Many more civil servants are not included in that figure because they applied for citizenship.

UK citizens living in the EU are not all OAPs gobbling fish'n'chips and reading the Daily Mail in a deckchair on the Costa del Sol or retired sunburnt stockbrokers in the Dordogne hanging out together, playing cricket, publishing English-language newsletters and shouting in English in local cafés and shops. Thankfully.

Many are professionals. Many go to great pains to encourage exchanges, joint projects and general co-operation and understanding between France and the UK.

I work in a French university (tuition fees: 200e/yr, BTW), and a considerable number of my French colleagues here, who have been working in the field of English Studies for decades, transmitting a respect of and love for the language, literature and culture, are stunned and horrified by what has happened to a country they once admired enough to become academics researching an aspect of it.
My salary is lower than it would be in the UK, but I have job security and a quality of life I'd be unlikely to have back there.
The idea that salary is all that counts and that all UK citizens "with sense" are as linguistically challenged as the majority of our elected representatives (despite their qualifications from expensive schools/universities) is wildly inaccurate.

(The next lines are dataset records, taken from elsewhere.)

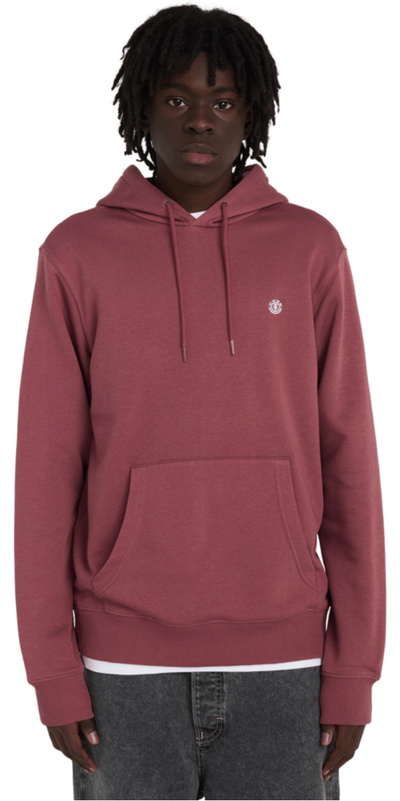 Element Mens Icon Embroidery Po Hoodie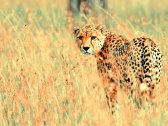 beautiful_cheetah-1600x1200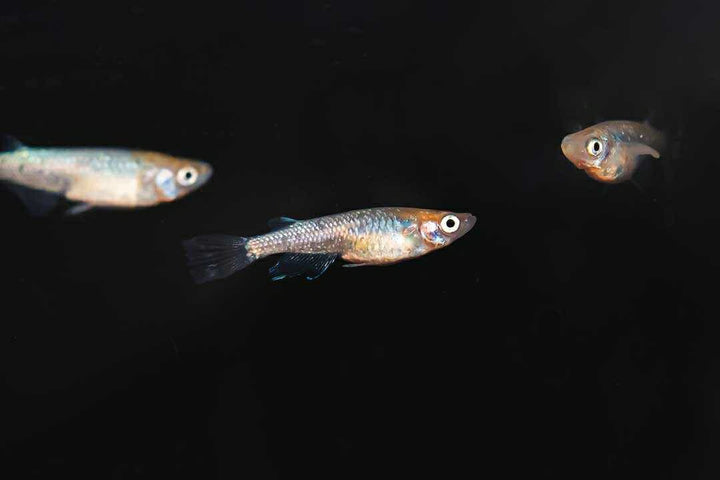 メダカ | 忘却の翼ラメメダカ 成魚ペアセット + 保証付き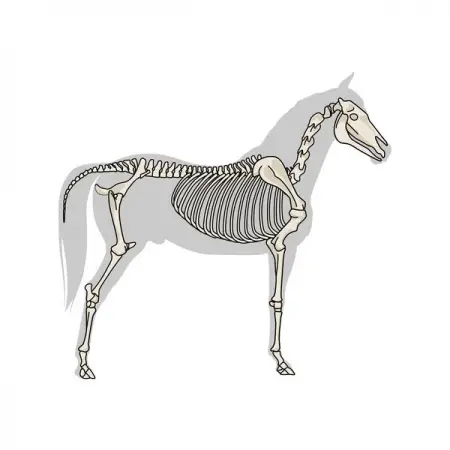 MINDTHEGRAPH.COMVETERINARY
Horse skeleton
Learn More
 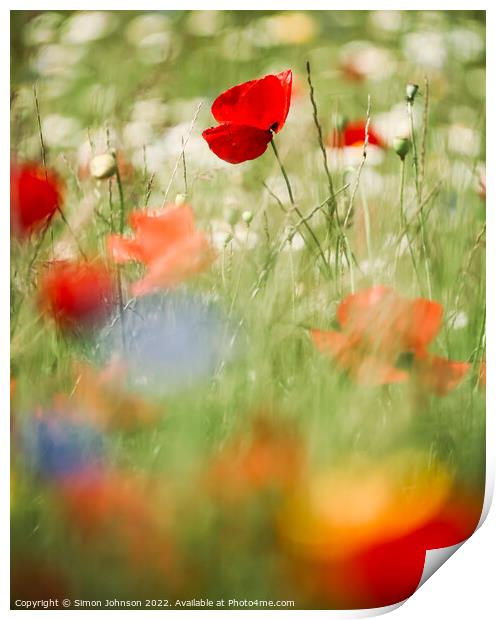 Poppy and meadow flowers Print by Simon Johnson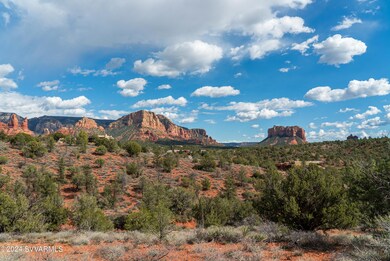 JL_35Sagebrush-ground-09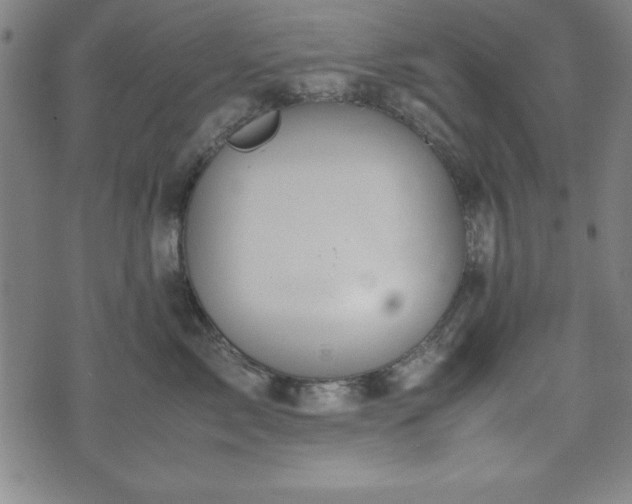 X0000074930717200609081326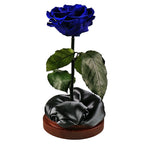 Enchanted Dome - Midnight Blue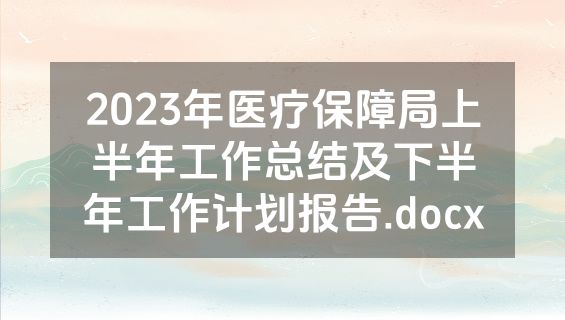 2023年医疗保障局上半年工作总结及下半年工作计划报告.docx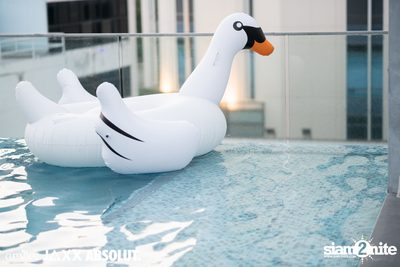amBar Pool Party ที่ Four Points by Sheraton — photo 46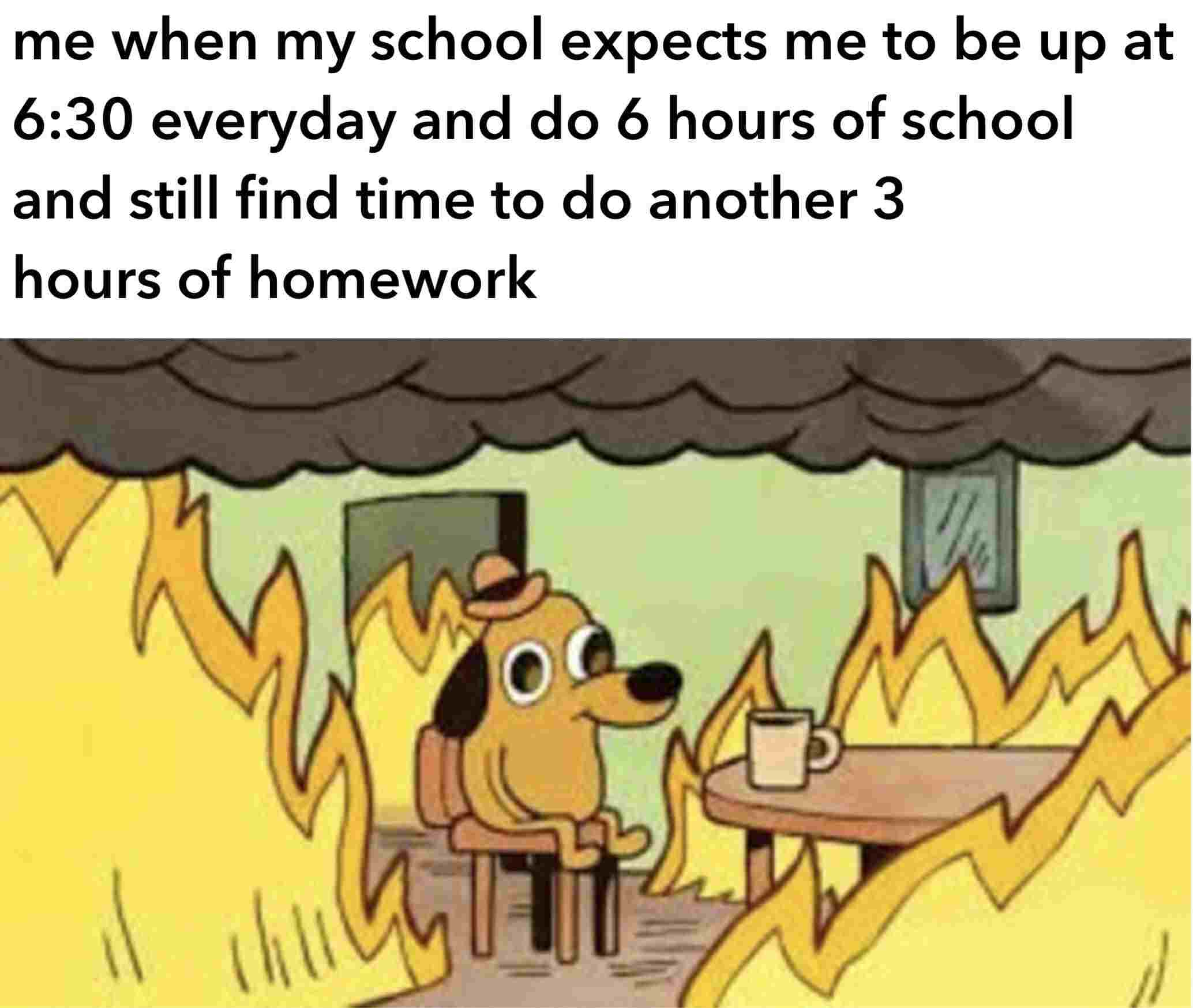 This is fine meme Me when my school expects me to be up at 6:30 everyday and do 6 hours of school and still find time to do another 3 hours of homework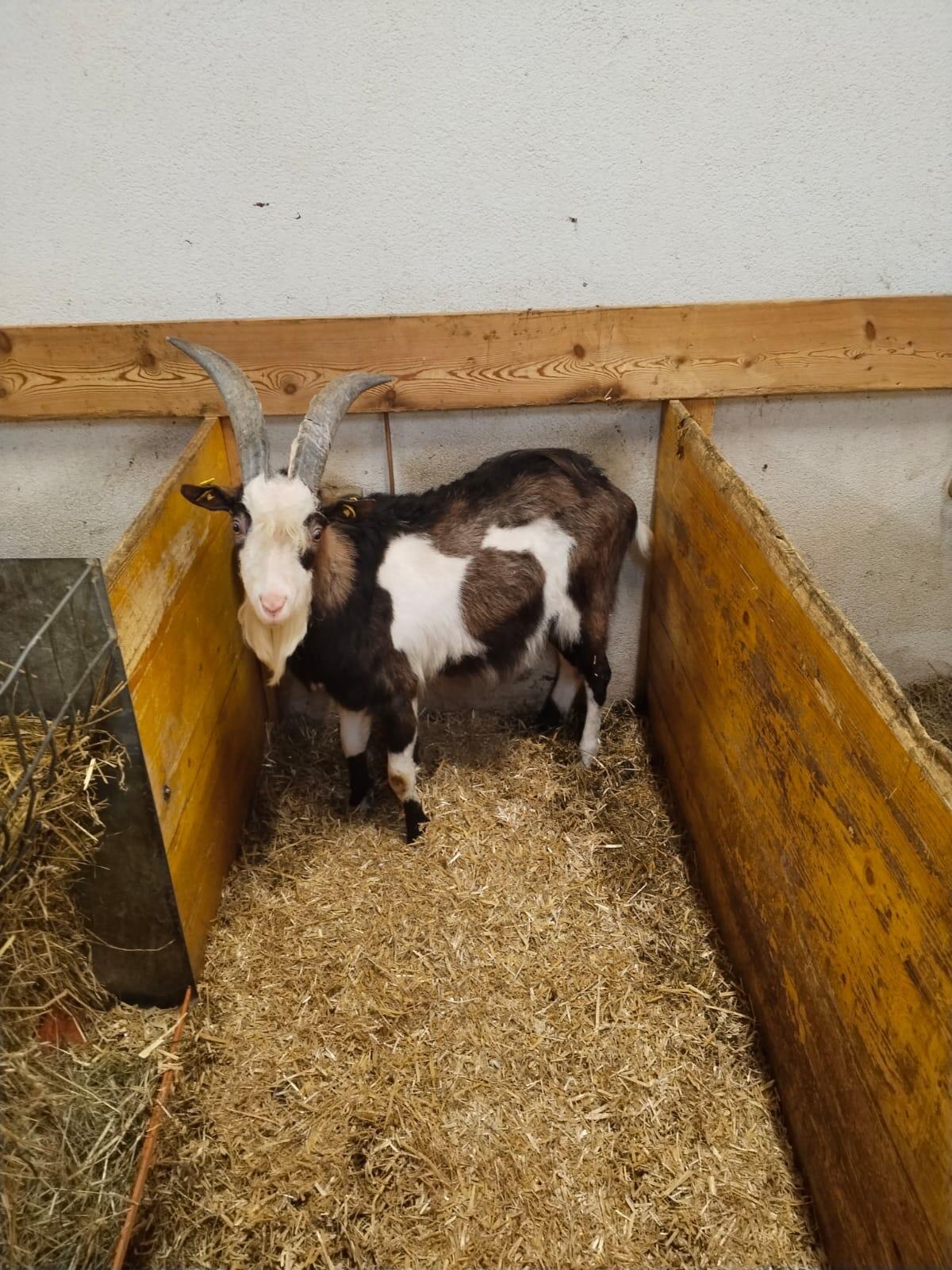 Verkaufe HB Tauernscheckenbock 2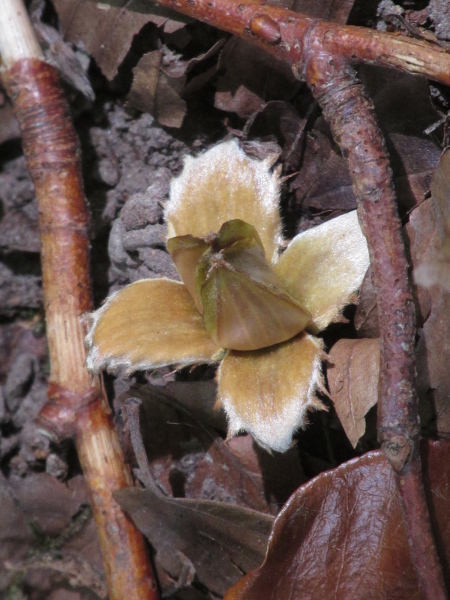 beech / Fagus sylvatica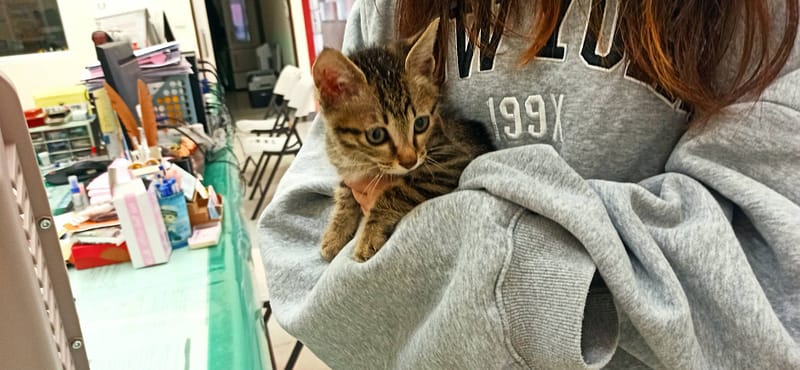 【待認養】混種貓 貓 (男生) - 金門縣動物收容中心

howwudufeel · 29/08/2019 19:04

What’s wrong with eating fish and chips on the Costa Del Sol? Nice bit of stereotyping there.

bellinisurge · 29/08/2019 19:05

What on earth does that mean @Alexalee

thetwinkles · 29/08/2019 19:07

Oh ffs the people MAJORITY voted to leave just let them get on with it Hmm

JeannieW · 29/08/2019 19:08

I thought the queen had to agree isn't it a constitutional monarchy?

ton181 · 29/08/2019 19:09

Well done Boris, we need this sorting and fast its dragged the UK down for long enough. WE would have been on the upturn by now if we had left on time. We were doing ok before we joined the EU and we will do better after we leave.